This is a protocol for generating RAD libraries for Illumina sequencing. With this technique, 96 samples can be multiplexed into one sequencing library, and only tags adjacent to PstI sites are sequenced. This is a cheap way to both mine and genotype large numbers of SNPs. This is the protocol developed in Erik Sacks' lab at UIUC by Lindsay Clark, based on protocols from Pat Brown and Megan Hall (see Poland et al. 2012). Please cite Clark et al. (2014) if using this protocol.

Materials

Reagents

  • Quant-iT Picogreen kit (Invitrogen)
  • Qiagen gel purification kit
  • Qiagen PCR cleanup kit
  • From New England Biolabs:
    • PstI-HF, 20,000 U/mL
    • MspI, 20,000 U/mL
    • T4 DNA ligase, 2,000,000 U/mL
    • ATP
  • KAPA HiFi Library Amplification Kit, without primers. In the past we used Phusion High Fidelity PCR master mix from NEB, but KAPA is supposed to be better.
  • 100 bp DNA ladder
  • Gel loading dye that does NOT have bromophenol blue. NEB makes an orange loading dye that works well. I have also used Promega GoTaq Green PCR buffer as a loading dye.

Note: MspI is not a heat-inactivated enzyme, but I have found that the protocol works anyway. Between the ligation and gel extraction steps, I keep the sample on ice to prevent any residual digestion activity.

  • You will also need a black microtiter plate for the Picogreen assay.

Oligonucleotides

PstI adapters

This is the most expensive part of the protocol other than the sequencing itself, since 192 oligonucleotides must be ordered.

Adapter 1 top: 5'GATCTACACTCTTTCCCTACACGACGCTCTTCCGATCTxxxxTGCA3'

Adapter 1 bottom: 5'yyyyAGATCGGAAGAGCGTCGTGTAGGGAAAGAGTGTAGATC3'

Where xxxx and yyyy are the barcode and its reverse complement, respectively.

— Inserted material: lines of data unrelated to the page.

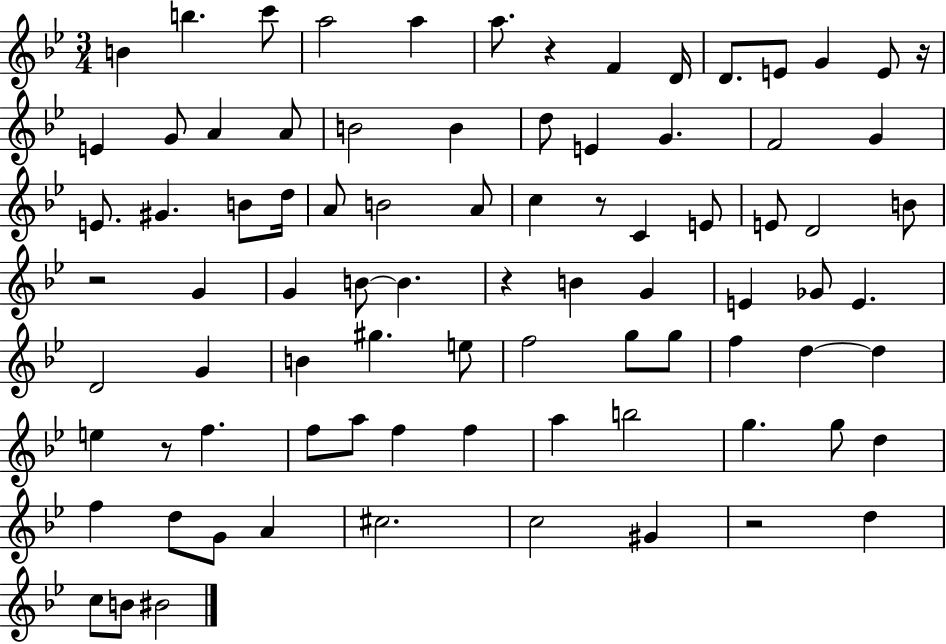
{
  \clef treble
  \numericTimeSignature
  \time 3/4
  \key bes \major
  b'4 b''4. c'''8 | a''2 a''4 | a''8. r4 f'4 d'16 | d'8. e'8 g'4 e'8 r16 | \break e'4 g'8 a'4 a'8 | b'2 b'4 | d''8 e'4 g'4. | f'2 g'4 | \break e'8. gis'4. b'8 d''16 | a'8 b'2 a'8 | c''4 r8 c'4 e'8 | e'8 d'2 b'8 | \break r2 g'4 | g'4 b'8~~ b'4. | r4 b'4 g'4 | e'4 ges'8 e'4. | \break d'2 g'4 | b'4 gis''4. e''8 | f''2 g''8 g''8 | f''4 d''4~~ d''4 | \break e''4 r8 f''4. | f''8 a''8 f''4 f''4 | a''4 b''2 | g''4. g''8 d''4 | \break f''4 d''8 g'8 a'4 | cis''2. | c''2 gis'4 | r2 d''4 | \break c''8 b'8 bis'2 | \bar "|."
}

Barcodes and oligo sequences are from Pat Brown's lab (Thurber et al. 2013).

Media:PstI-barcodes.txt

Other oligos

MspI adapters:

  • A2top: 5'CGCTCAGGCATCACTCGATTCCTCCGAGAACAA3'
  • A2bot: 5'CAAGCAGAAGACGGCATACGACGGAGGAATCGAGTGATGCCTGAG3'

Illumina PCR primers:

  • PCR1: 5'AATGATACGGCGACCACCGAGATCTACACTCTTTCCCTACACGACGCTCTTCCGATCT3'
  • PCR2: 5'CAAGCAGAAGACGGCATACGA3'

Equipment

  • Nanodrop spectrophotometer
  • BioTek Synergy plate reader (for reading fluorescence)
  • Ordinary PCR machine
  • Agarose gel rig
  • UV transilluminator for gel excision
  • Bioanalyzer
  • real-time PCR machine (we just pay the core facility to do that part)

Procedure

Adapter prep

Top and bottom strands of adapters need to be annealed 1X Annealing Buffer, which is 10 mM Tris, 50 mM NaCl.

The annealing program is:

  • 95°C 5 minutes
  • Ramp down -0.1°C every 2 seconds (or -1°C every 20 seconds) to 25°C.

My protocol:

  • Pat Brown provided us with a plate of PstI adapters that are at 1 μM. I took a bottle of autoclaved 1X Annealing Buffer, added 45 μl to each well of a 96-well plate, then transferred 5 μl from the 1 μM plate to make a 0.1 μM working stock.
  • MspI adapters are ordered like normal oligos, and I have 100 μM concentrated stocks in TE. To make a 10 μM stock:
    • 20 μl A2top, 100 μM
    • 20 μl A2bot, 100 μM
    • 20 μl 500 mM NaCl
    • 2 μl 1M Tris
    • 138 μl nuclease-free water
    • Mix well, add 100 μl to each of two PCR tubes, and run them on the annealing program ("Adapt" on the PCR machine).

DNA quantification and dilution

Dilution to ≤200 ng/μL

  1. Picogreen can accurately detect very small quantities of DNA, but is not accurate over 1 ng/μL. In the Picogreen assay, DNA is diluted 200X in solution, so DNA stock solution of up to 200 ng/μL can be quantified.
  2. Our DNA extraction protocol yields concentrations of up to 2 μg/μL (2000 ng/μL). Therefore, we need to dilute 10X to ensure that we are in the range that can be measured with Picogreen.
  3. Take a 96 well PCR plate, and add 18 μL 10 mM Tris or TE to 88 wells (11 columns).
  4. Using a spreadsheet that records which sample goes in which well, add 2 μL of DNA extraction to the 18 μL of buffer. You can quantify 88 samples on one plate.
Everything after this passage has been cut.